Records excerpted from a collection
------------------------

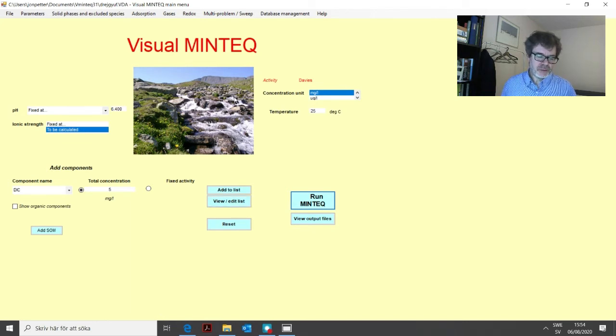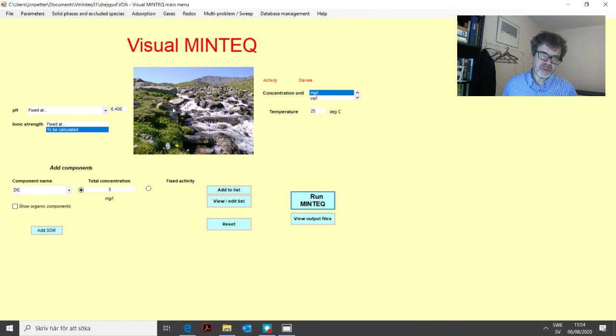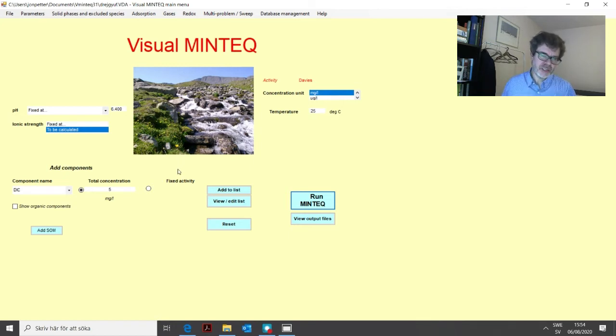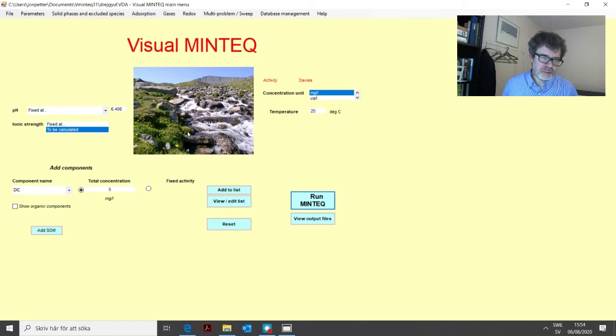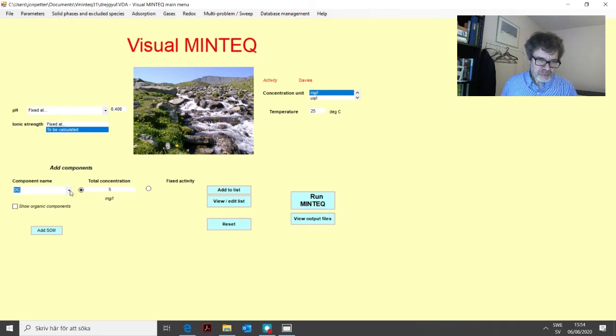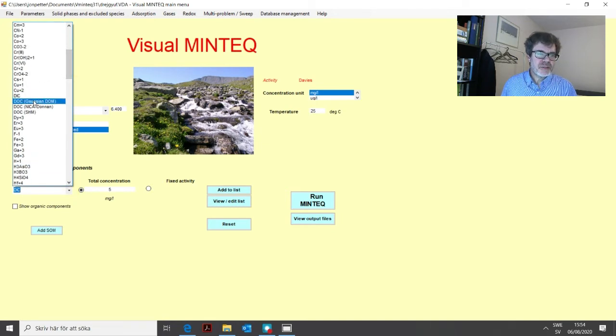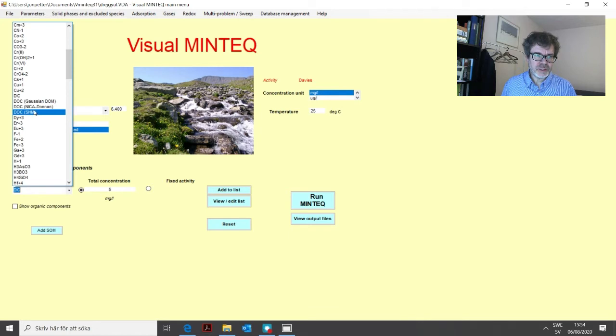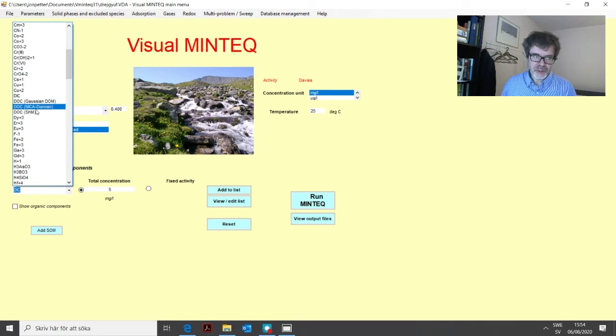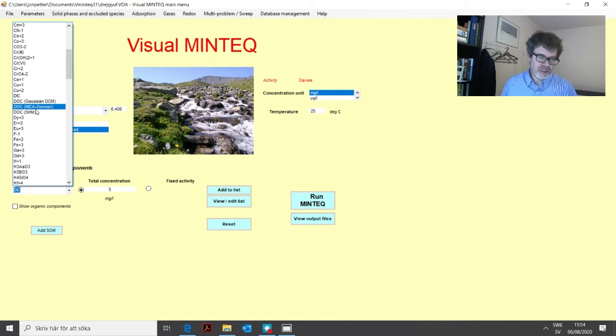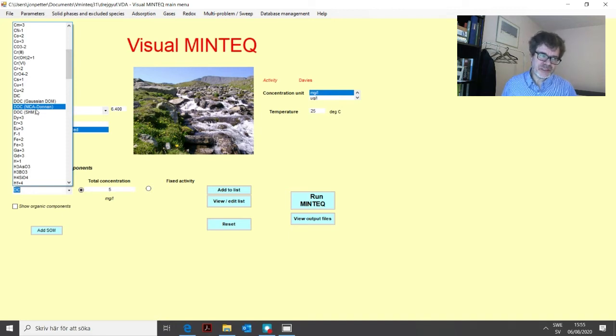And then we also have organic matter, which can be quite important for, for example, metals. If you have metals in the water, because this dissolved organic carbon can complex different metals quite efficiently. So how to add dissolved organic matter to the problem? Well, you use actually this component list to do that. And if you go in here, you see actually three different components for DOC. So you have to choose one of them. And these three represent different sub-models for handling dissolved organic matter, which is, as you might know, quite complex in structure and also very heterogeneous. So it's not easy to treat it in a traditional chemical equilibrium model.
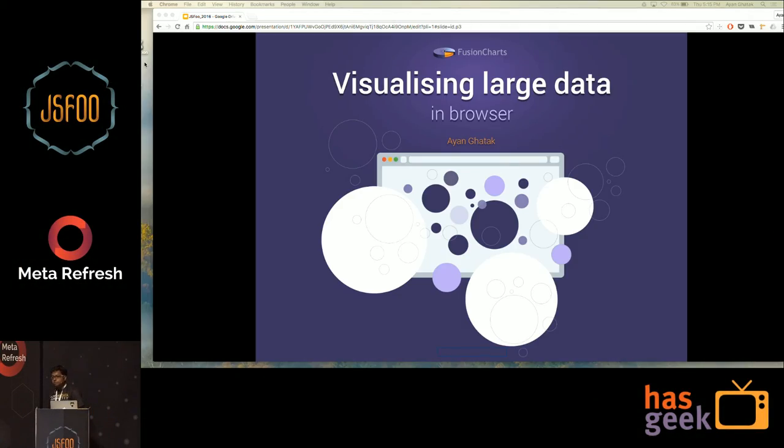I'm Ayan Ghatok, working as a software engineer at FusionCharts. At FusionCharts, we have been building charts, gauges and maps which we license to our 26,000 customers and around 700,000 developers worldwide. Many of you might know FusionCharts as a flash-based charting company, but about six years ago we completely transitioned to JavaScript-based charting, and since then we have been making charts in JavaScript and HTML5 only.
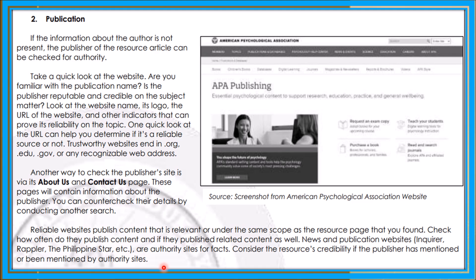Sa publication, tingnan natin kung saan ang website, familiar bang website yun, credible ba siya? Kailangan i-check sa publisher sites ang information. Titignan natin yung mga resource page na nakikita, at check natin how often do they publish content. Consider the resource's credibility if the publisher has been mentioned by authority sites — kung lagi-lagi may na-mention, ibig sabihin talaga ito ay credible.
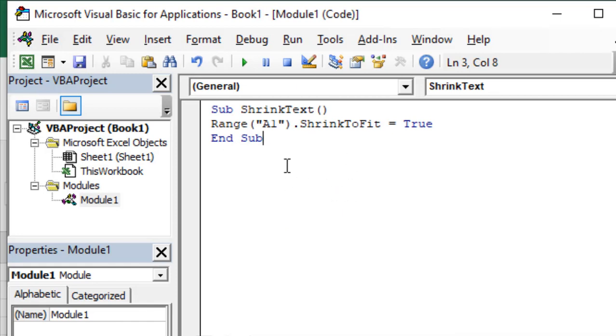Range("A1") dot ShrinkToFit equals True, End Sub. If you run it and close it, you can see the result.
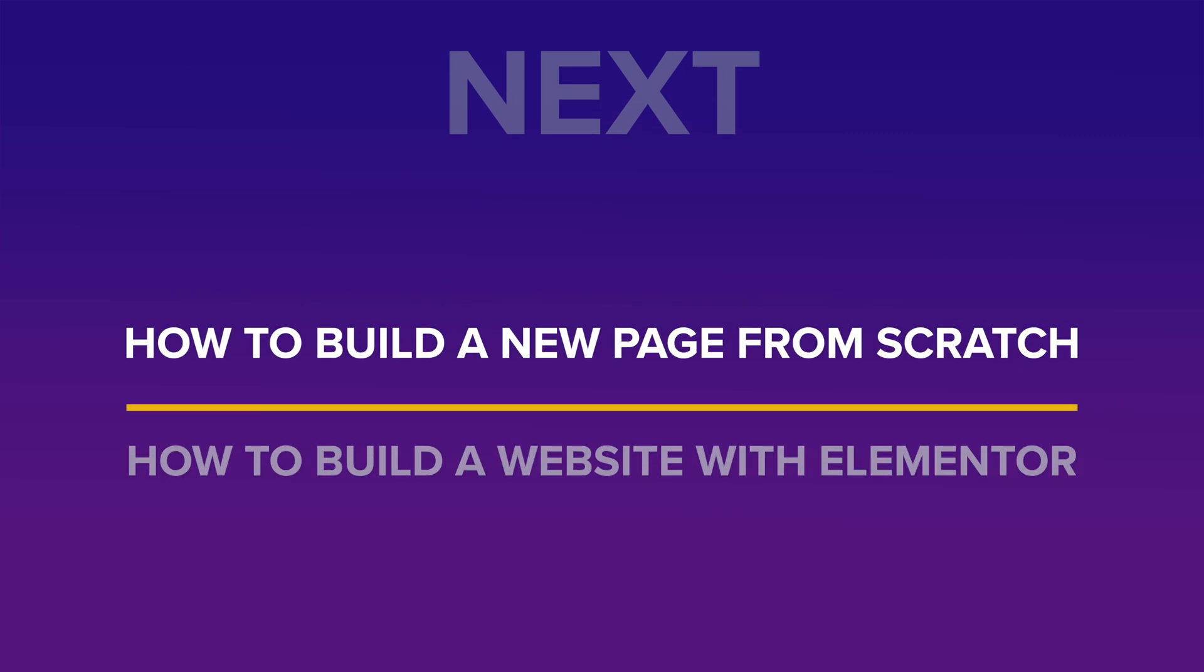So, as you can see, with the help of the imported ready-made website from Starter Templates, as well as the course files, building the contact page was a breeze. In the next video, I will show you how to add a completely new page to your website.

------------------------

Directions for this task: All lines from the one bearing "Sa publication, tingnan" through the last line of the records, and only those, should be duplicated exactly; no picture belongs in the copy.

Finished task:
Sa publication, tingnan natin kung saan ang website, familiar bang website yun, credible ba siya? Kailangan i-check sa publisher sites ang information. Titignan natin yung mga resource page na nakikita, at check natin how often do they publish content. Consider the resource's credibility if the publisher has been mentioned by authority sites — kung lagi-lagi may na-mention, ibig sabihin talaga ito ay credible.
Range("A1") dot ShrinkToFit equals True, End Sub. If you run it and close it, you can see the result.
So, as you can see, with the help of the imported ready-made website from Starter Templates, as well as the course files, building the contact page was a breeze. In the next video, I will show you how to add a completely new page to your website.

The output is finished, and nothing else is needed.